Zwangsarbeit 2.0: „Unberührbare” indische Mädchen schuften auch für Charles Veillon
23. Mai 2011
„Sumangali“ beschreibt in Tamil eine verheiratete Frau, die ein glückliches Leben in materiellem Wohlstand führt. Das Sumangali-Programm, unter dem heute schätzungsweise 120’000 Arbeiterinnen beschäftigt sind, wurde vor zehn Jahren von Textilfabriken in den Bezirken Coimbatore und Tirupur eingeführt. Es verspricht den Mädchen einen guten Lohn, angenehme Unterkunft sowie eine einmalige, grosse Geldsumme nach dreijähriger Anstellung. Diese soll es auch Mädchen aus armen Familien erlauben, ihre Mitgift zu bezahlen und zu heiraten. Die Realität in den Fabriken sieht freilich anders aus: ein Entgelt weit unter dem gesetzliche Mindestlohn, exzessive Überstunden, unbezahlte Überstunden- zuschläge, eingeschränkte Bewegungsfreiheit, mangelnde Sicherheit am Arbeitspatz. Diese Beding- ungen verstossen klar gegen das Übereinkommen 182 der Internationalen Arbeitsorganisation (ILO) zur Beseitigung der schlimmsten Formen von Kinderarbeit.
Die versprochene Einmalzahlung ist zudem kein Bonus, sondern Teil des Lohns der zurückbehalten wird.

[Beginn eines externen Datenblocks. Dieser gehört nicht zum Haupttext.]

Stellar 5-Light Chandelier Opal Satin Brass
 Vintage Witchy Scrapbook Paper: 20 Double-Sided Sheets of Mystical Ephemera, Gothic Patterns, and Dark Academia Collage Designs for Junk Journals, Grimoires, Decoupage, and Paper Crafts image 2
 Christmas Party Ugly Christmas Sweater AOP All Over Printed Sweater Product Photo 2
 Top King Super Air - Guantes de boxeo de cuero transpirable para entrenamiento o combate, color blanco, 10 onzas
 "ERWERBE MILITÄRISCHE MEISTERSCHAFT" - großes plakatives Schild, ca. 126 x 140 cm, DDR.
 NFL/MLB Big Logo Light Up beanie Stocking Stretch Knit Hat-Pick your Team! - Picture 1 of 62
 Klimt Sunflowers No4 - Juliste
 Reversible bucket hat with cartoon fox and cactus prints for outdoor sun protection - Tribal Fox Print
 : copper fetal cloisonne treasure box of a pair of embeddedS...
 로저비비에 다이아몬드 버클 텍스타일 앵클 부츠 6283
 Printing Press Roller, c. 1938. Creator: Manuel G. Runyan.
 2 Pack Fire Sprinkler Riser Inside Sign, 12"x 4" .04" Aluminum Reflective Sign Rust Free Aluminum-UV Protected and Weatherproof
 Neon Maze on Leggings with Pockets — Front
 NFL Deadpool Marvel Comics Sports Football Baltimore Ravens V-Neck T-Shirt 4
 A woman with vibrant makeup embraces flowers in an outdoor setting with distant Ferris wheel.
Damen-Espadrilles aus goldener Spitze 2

In mehreren dokumentierten Fällen haben die Mädchen diese angesparte Lohnsumme nicht erhalten. Die meisten jungen Arbeiterinnen wohnen auf dem Fabrikgelände und werden dort vom internen Sicherheitsdienst überwacht, so dass sie kaum eine Chance haben, Gewerkschaften oder Menschenrechtsgruppen zu kontaktieren. Auch die Eltern dürfen ihre Töchter nur einmal monatlich für eine Stunde besuchen. Der Report vom Centre for Research on Multinational Corporation (SOMO) und dem India Committee of the Netherlands (ICN) durchleuchten vier grosse indische Textilfirmen, die für Weltmarken wie C&A, Diesel, Tommy Hilfiger und Zara produzieren. Auf der Kundenliste stehen aber auch die beiden Schweizer Abnehmer Charles Veillon und Migros. Einige Unternehmen, darunter C&A, Tesco und Migros, haben aufgrund der Vorwürfe erste Massnahmen eingeleitet. Andere Firmen, darunter Charles Veillon, haben gar nicht reagiert.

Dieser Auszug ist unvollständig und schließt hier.